Did this create challenges for you growing up?
The experience of first-generation Americans is unique. My friends’ homes were very different; their parents spoke English, were very involved in the school system, and understood things like the SATs and college applications.
As a first-generation American, I had to figure out these things with the help of my teachers and my friends’ parents. My parents were financially supportive, but they couldn’t help me with things like proofreading my college essays. Navigating the path to higher education is a common obstacle for first-generation Americans.
What challenges did being a first-generation American present in your career?
I have a fear of being judged because of my name. At home I was Letizia, or Leti, and I always will be to my family. In the outside world, with work or even with my friends, I introduce myself as Latisha. That’s the name I received in school, presumably from teachers.
When you’re underrepresented like I am as a Latinx woman, you do everything you can to fit in with the people in charge in order to eliminate prejudices. I worry someone will assume I don’t speak English well. I worry a client will believe someone with a name that sounds more American is more qualified than I am—that happens to doctors all the time.
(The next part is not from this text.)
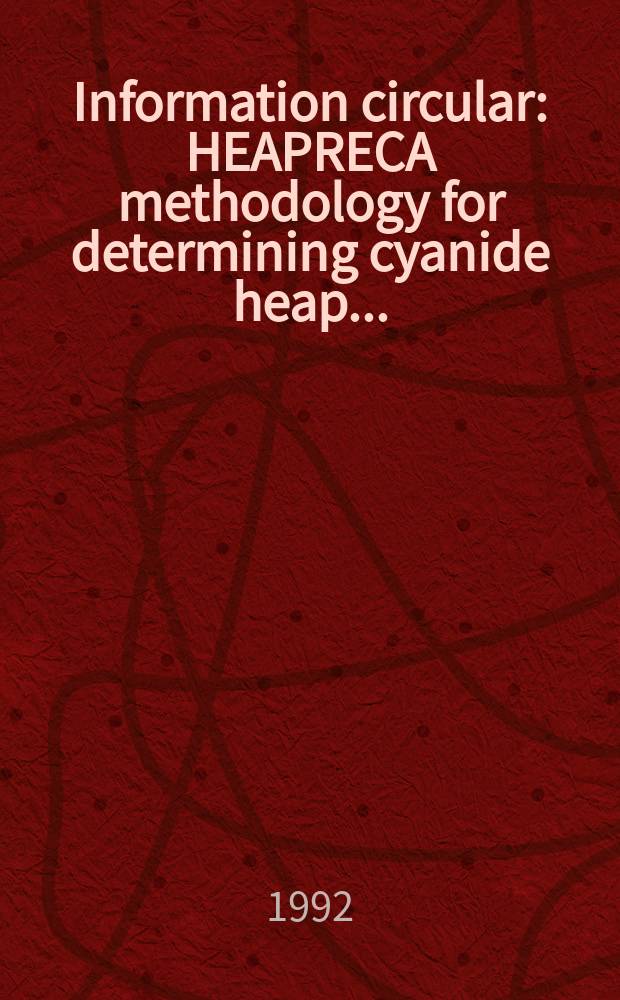 Information circular : HEAPRECA methodology for determining cyanide heap ...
As a woman, I dress differently, or in a room with men I may speak with a deeper voice. Because of my culture and my gender, I have to be more methodical about how I approach professional situations.
Recently at an Association of Latino Professionals for America (ALPFA) convention, I was introduced as Letizia. I even introduced myself as Letizia, not Latisha. It was strange for me to be comfortable being Letizia in a professional setting for the first time.
I understand you are on the Inclusion & Diversity board at Moss Adams. What inspired you to get involved in the inclusion and diversity initiatives at the firm?
Earlier in my career, I was in chameleon mode because there was no safety net for me to be authentic. The LatinX BRG didn’t exist. There were no Latinx partners or senior managers close to me, so I felt like I was on an island. If I could have connected with other Latinx people in other offices or regions, that would’ve changed my perception about my path. That’s why I joined the I&D board and the LatinX BRG.
I’m also getting involved in local Latinx youth leadership programs. It would have made a difference for me when I was younger to have a mentor to guide me through the things I didn’t know as a first-generation student. That’s where my passion lies—helping Latinx youth with high potential that want to be helped.